#SheMeansBusiness – Speaking the language of business
“I wanted to help. I wanted to use what I knew to change lives – not a whole town or city or global population perhaps, but I wanted to make a difference with what I knew, what I had learned over the years in my work life. Think of it as payback."
Cyba Audi, a serial storyteller, is, by her own admission, on her ‘third life’ having had two different careers before founding her successful communications agency, Saba Consultants. But each step she has taken has informed or inspired the next, just like the acts of any great story.
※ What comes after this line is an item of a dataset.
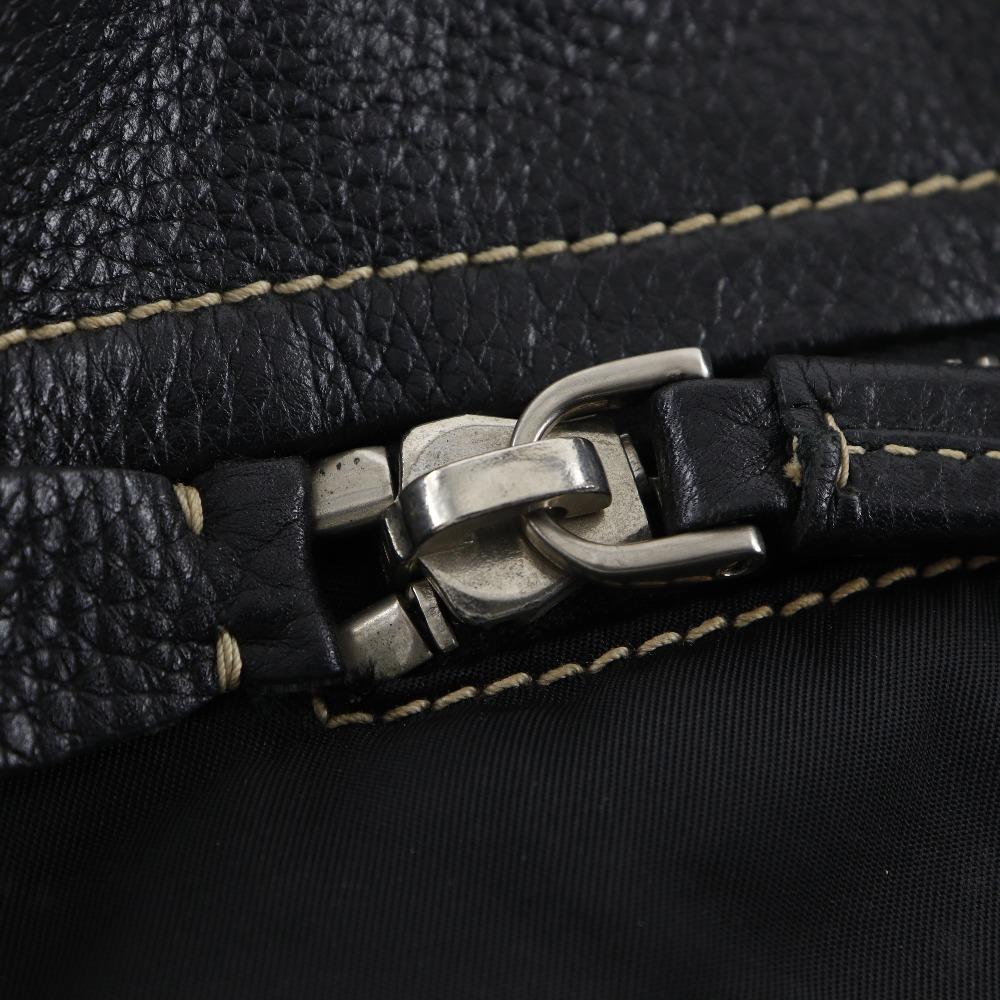 PRADA Logo embossing Tote Bag black Nylon/leather Women Used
“I started off as a banker,” says Cyba. “I worked in London for eight years before I moved to Dubai to work in television as a business news anchor, which I greatly enjoyed and in which i found a lot of success and celebrity. Six years on, I was the Arab world’s premiere business news anchor, and the big markets boom came to a halt. The rising tide that lifted all boats ebbed with the global financial crisis taking hold and planting fear and skepticism in people’s hearts. I considered how i could combine my knowledge of finance with my newly discovered skills and talents in media to help, to affect permanent change. So I quit television and started my consultancy in communication and reputation building. In the studio, I was the recipient of the story, as a consultant I help companies tell their stories.”
The knowledge economy
Cyba’s knowledge of multiple industries and her tenacity as a journalist have both been invaluable tools in helping her to set up her business. During the financial crisis of 2008 and beyond, many people with little or no media training found themselves thrust into the spotlight and facing difficult questions. Saba Communications had the skills to help. “Journalists made up their stories about Dubai,” she remembers, “their own versions of the truth, because official statements from Dubai’s government were just not coming. I wanted to help the city I had lived in (happily) for almost 7 years. The only way I knew how was to offer my expertise. If I know something you can benefit from, is it not better to share it and communicate it, so that you benefit too?”
The Challenges are Personal
Despite her powerful reputation and respect amongst Dubai’s business community and beyond, Cyba still faced difficulties in setting up her own business, just like any entrepreneur. “The challenges were both personal and practical,” says Cyba, “practical in the sense that I had no previous experience running a business. Nor did I know much about being a consultant, or the ways of the industry I had selected to be my new pasture. I learned on the job. I was adamant I was going to do something well, and I was going to do it ten times better – at least – than how it’s done now. I read and read and I learned.”
Cyba’s self-belief has also helped her overcome the personal doubts she encountered when building her consultancy. “The challenges were – and continue to be – also personal. It is the conversation you have in your head, telling yourself you will never see another piece of business after the one you are about to deliver, and then proceeding to convince yourself that is all nonsense and finding a hundred reasons why the truth of the matter is the exact opposite and how you should get up and make the truth happen again today. I may have been told off as a child for being stubborn, as a grown up I found tenacity a great ally.”
Encouragement, support and energy
As a mother of two grown daughters who now have their own careers, Cyba is passionate about supporting other women in the work place, helping them grow professionally and personally. Saba Consultants currently employs 10 women, many of who are mothers.
“Women rock!” says Cyba, when talking about her team. “Some [of the team] are smart fresh graduates who are open and absorb like sponges and flourish in a nurturing environment of amazing role models. Others are jugglers – we call them the mum-brigade. Some mums work from home and come to the office twice a week or as needed, others come into work at about 10:30 after dropping off at school, going back home, cooking the meal for when the kids come home from school, settling the baby, then zip over to the office for a solid 4-hour chunk of work. They can do that! The work gets done. Sometimes it gets done at 10 at night (because little one had the flu), and sometimes kids come to the office after school. But it all gets done! These women feel empowered because they are taking care of both parts of who they are. Where is a woman’s place? Anywhere she wants to be. Because when a woman feels fulfilled, she is a bottomless well of energy and giving.”